Doom, gloom and despair

I was recently at a seminar run by the estimable folks at BOND (how we love an acronym in our sector!) on public attitudes to international development and what to do about them. It was very illuminating with latest research findings being presented on media coverage of issues related to world poverty and what people think about them including some entertaining and illuminating videos of comments made by focus groups.

In brief, most people think about international development very little, it is really not that important to them and they are terribly confused about the issues and what, if anything, to do about them. And they don’t trust governments, whether UK or African, at all.

So the mood at the seminar was pretty sombre. There was animated discussion about how we might change public attitudes but no consensus about how this might be done. Great was the weeping, wailing and tearing of clothes..

I was one of a handful of people at this meeting who didn’t share the overall anguish. For a start, I’ve been around long enough to have been involved in these discussions many times before and I can’t see very much that has really changed in public attitudes in the last couple of decades. In fact I can remember talking about donor fatigue about giving to Africa after Live Aid, nearly thirty years ago (obviously I was a child at the time…). People didn’t stop giving then and I don’t see why they will stop giving now.

But also I was struck that while the attitude of the public, shaped by media, to government aid was pretty sceptical, their views of charities were much more positive. The public want NGOs to be more involved in development aid not less (they also don’t want private companies to be involved at all). When presented with real need, and something that they can do about it, individuals in the UK will still give generously whether that need is in Africa or Aldershot.

So I am concerned that public support for UK government development aid is weak. I think that’s a problem because I believe our aid budget is a good thing. But I am encouraged that the public think more of that budget should be distributed via NGOs and I strongly believe that if those same NGOs can clearly, simply and convincingly explain what they are doing to relieve human suffering in poorer countries, the public will continue to give also. And give more.

A week after Sport Relief has again raised record sums, a large proportion of which will go to fighting poverty in developing countries, I think our sector’s collective tendency towards gloom and despondency needs some challenging.

We’re not all doomed. At least, not yet..
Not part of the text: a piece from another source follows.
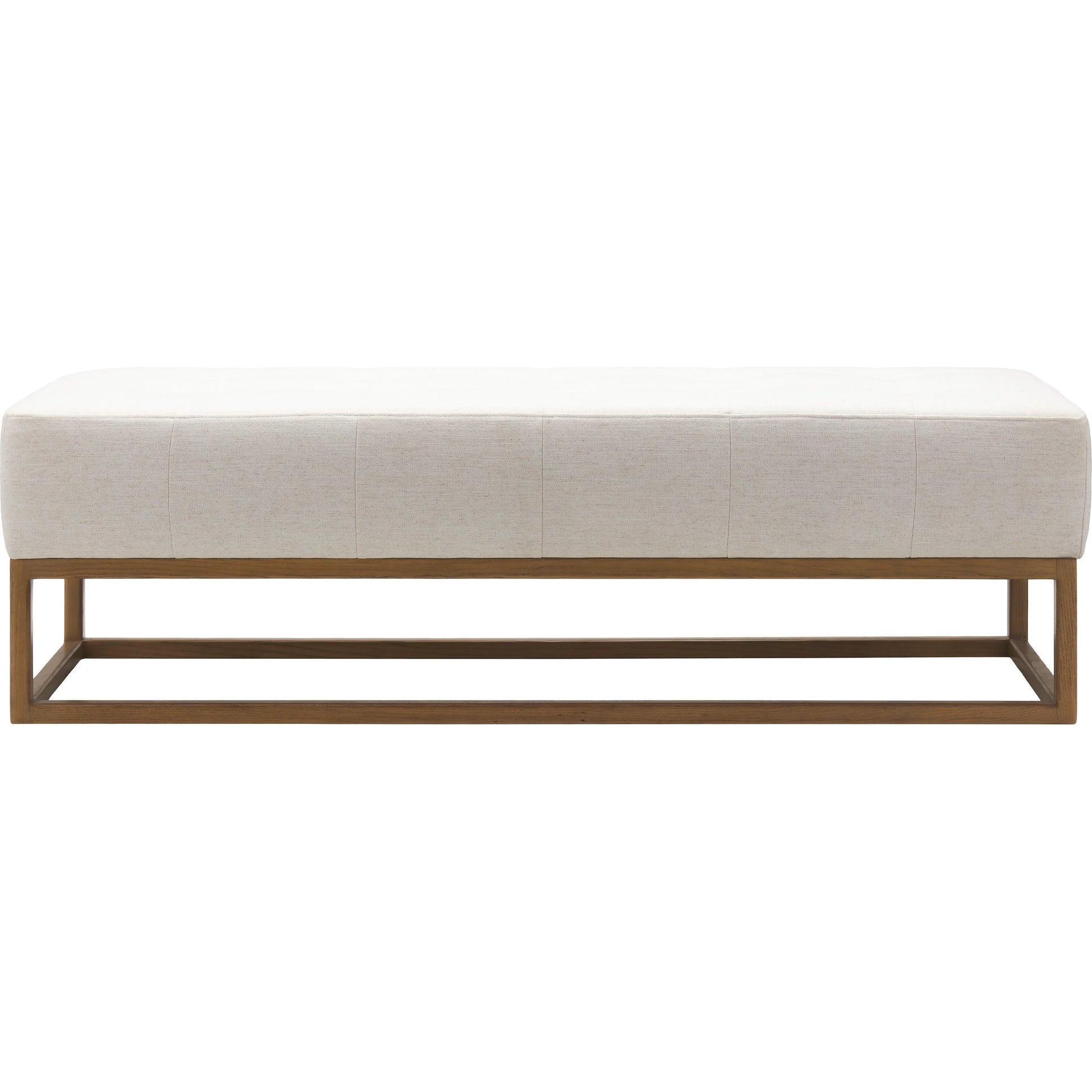 Willis Bench by Surya in light beige, brown. Made from polyester, linen, ash wood, plywood, hollow fill fiber, dacron in a transitional style.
2 thoughts on “Doom, gloom and despair

  1. Hi Tobin – broadly agree with the analysis that this is not a new phenomenon, but what I think is positively different this time around is that the public do not accept the tired old narrative put out by the aid industry that all they need to do is give a bit more money. Sorry, but if that was the case poverty would not still be as endemic as it is now. Most notable perhaps is that this criticism is increasingly coming from civil society in recipient countries who challenge the idea that you can achieve “development” without tackling the political and power dynamics that prevent progress being made. Dambisa Moyo is far from the only example of this, John Githongo would be another.
    The reason the MDGs have left the poorest and most vulnerable, well, poor and vulnerable (World Development Report 2011 is a good illustration of this) is that they specifically ignored the political in favour of the economic.
    Let’s hope the next phase of development deals with the world as it is rather than avoiding all those rather awkward issues.